# New here, not sure what to do.



## PurpleElephant

I have been married for a year, we have a son who is almost one! I’m young, 23 and so is my husband. I am not sure what to do with my predicament. 
So I guess I’ll just start on this post. I have always had a low sex drive and it’s basically gone now that I have had a baby. My husband always reminds me of what a good husband he is by being patient. He reminds me of that quite often along with the fact that if I had this lack of sexual desire in another relationship that partner would leave me. Now he does touch me even after I’ve expressed I don’t want to do anything. The touching is light strokes trying to arouse me. 
He says he just wants to express how much he loves me. This has been going on for a while. Lately he’s been asking for bjs and I have expressed that it makes me uncomfortable and that I would rather not. Now he tells me that because he was molested as a child (doesn’t talk much about it) he has to have sex all the time. Which I’m trying, I just can’t ignore the fact that I know I don’t want any thing sexual at the time. 
Then one incident he starts crying because of what happened and I asked what I could do to help him. He tells me to give him a bj, that that’s what will help him. 
It’s gotten to the point where I sometimes avoid going to bed when he does, I’m tired of the sexual coercion. I need help, am I just suppose to do what my husband wants because he was molested? Putting all my emotions aside?


----------



## personofinterest

> Now he tells me that because he was molested as a child (doesn’t talk much about it) he has to have sex all the time.


First, the above claim is BS

That said, sex is typically a regular part of a healthy marriage. I was the one who always got rejected in my first marriage, and I can tell you that it is indescribably painful to be rejected so intimately.

I would suggest going to your doctor, as there may be a hormone imbalance. If you take BC pills, you may look into switching to one that does not affect sex drive as much.

Here is a core question: Do you love your husband?


----------



## farsidejunky

Help me reconcile your observation about your husband being patient, while simultaneously being frequently coercive over sex.



Sent from my Pixel 3 XL using Tapatalk


----------



## Mr.Married

personofinterest said:


> I was the one who always got rejected in my first marriage, and I can tell you that it is indescribably painful to be rejected so intimately.


Keep the above in mind going forward. This has broken many a marriage.


----------



## Noble1

Sorry to hear about your situation.

First of all, if your husband is having issues due to his past, maybe it would be a good idea for his to see someone about it and come up with some other coping mechanisms as well as "sex all the time".

Having said that, I too am in a marriage where I am not getting all the physical love/sex that I want either and it does hurt no matter what the reason is.

I do understand your situation in having a newer baby and just getting into parenthood. Kids change things for sure.

From what you posted, it seems like you are getting frustrated with the constant "demands" for sex which does lead to a downward spiral.

Do you think some marriage counselling would work at getting the two of you back on track?

Good luck.


----------



## ConanHub

You two could use some counseling from someone with experience in child sexual assault and sex therapy.

Your husband is whiny and manipulative.

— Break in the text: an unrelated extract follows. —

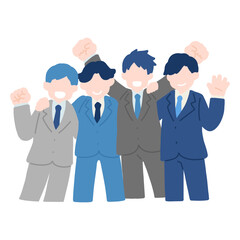 肩を組む楽しそうなスーツのビジネスパーソン[男性]のフラットなイラスト
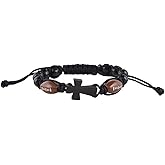 Religious Football Bracelet with Wood Cross Pendant, 7 1/2 Inch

I don't want to discount his child trauma but he is probably killing what little chance he has at arousing you by being such a pathetic wimp.

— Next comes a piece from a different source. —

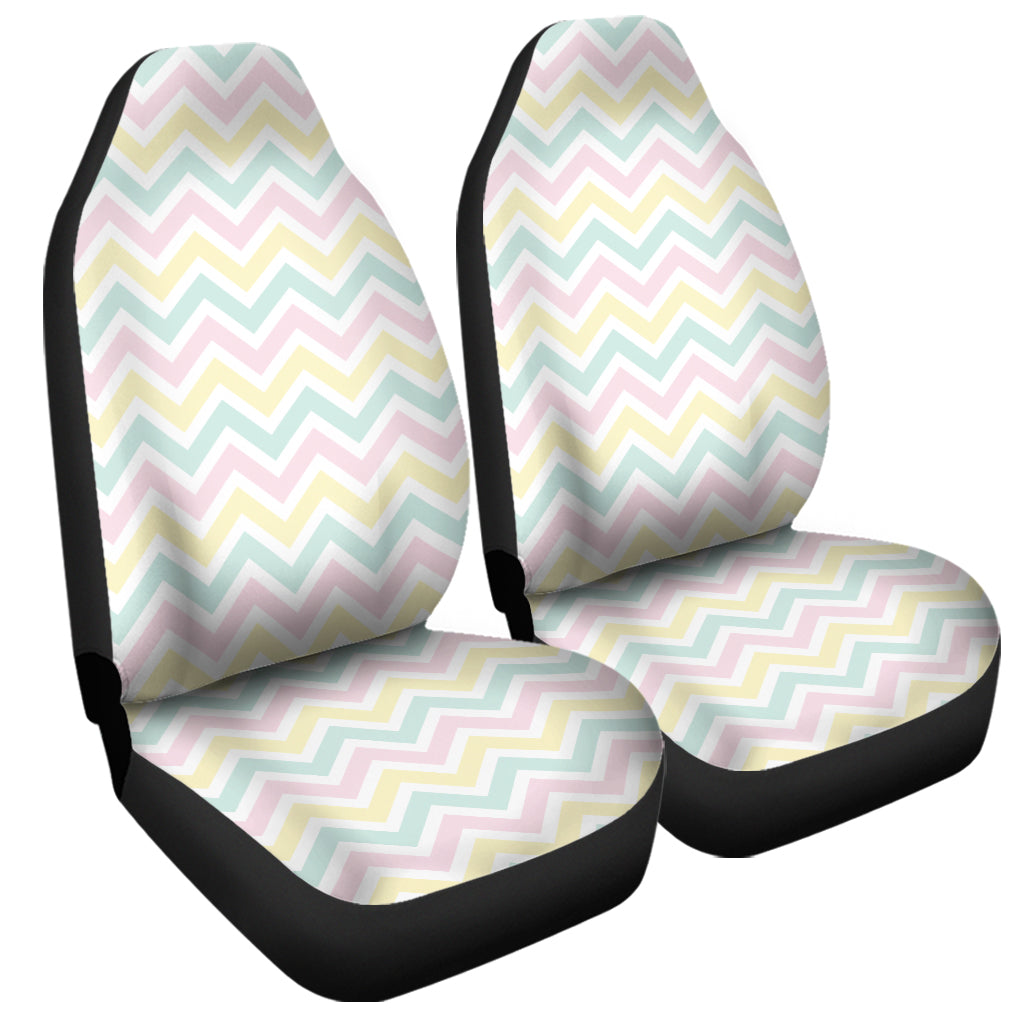 Pastel Chevron Pattern Print Universal Fit Car Seat Covers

You also need help. As long as you are otherwise healthy, your lack of interest in sex is mental and/or emotional.

Having a small child can be taxing but hardly a barrier to a healthy libido. My family is an anecdotal example of this along with many others.

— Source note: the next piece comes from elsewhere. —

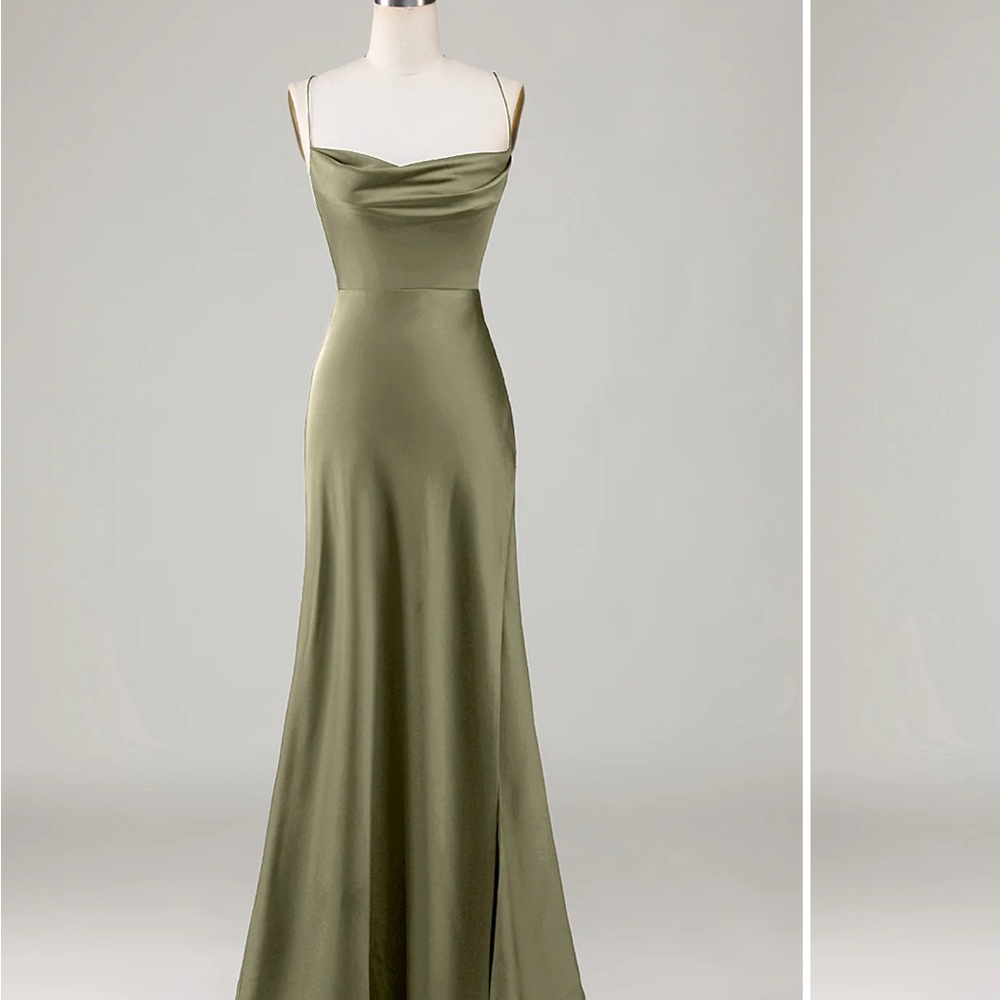 Elegant Olive Green/ Eucalyptus Bridesmaids Dress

Do you want your marriage to be healthy and successful?

If the answer is yes, you and your husband have a lot of work and growth to accomplish.

If you or he isn't willing to work and grow, I don't personally give your marriage good odds.


----------



## Yeswecan

Rejecting your H on a consistent basis becomes a thing of pain/hurt for your H. My W would experience this when I would reject her. She cried herself to sleep many nights. I was crushed when I found out she would do this. 

Sex is part of a healthy marriage. Instead of figuring out your H and the desire to have sex/intimacy with his W please take the time to find out why you choose to not have sex.

Let me say, kids do not come first when it comes to the marriage. The marriage(spouse) is always first in everything.


----------



## StillSearching

I'd say it's best he act like a man that would arouse her, instead of crying and talking about how patient he's being. 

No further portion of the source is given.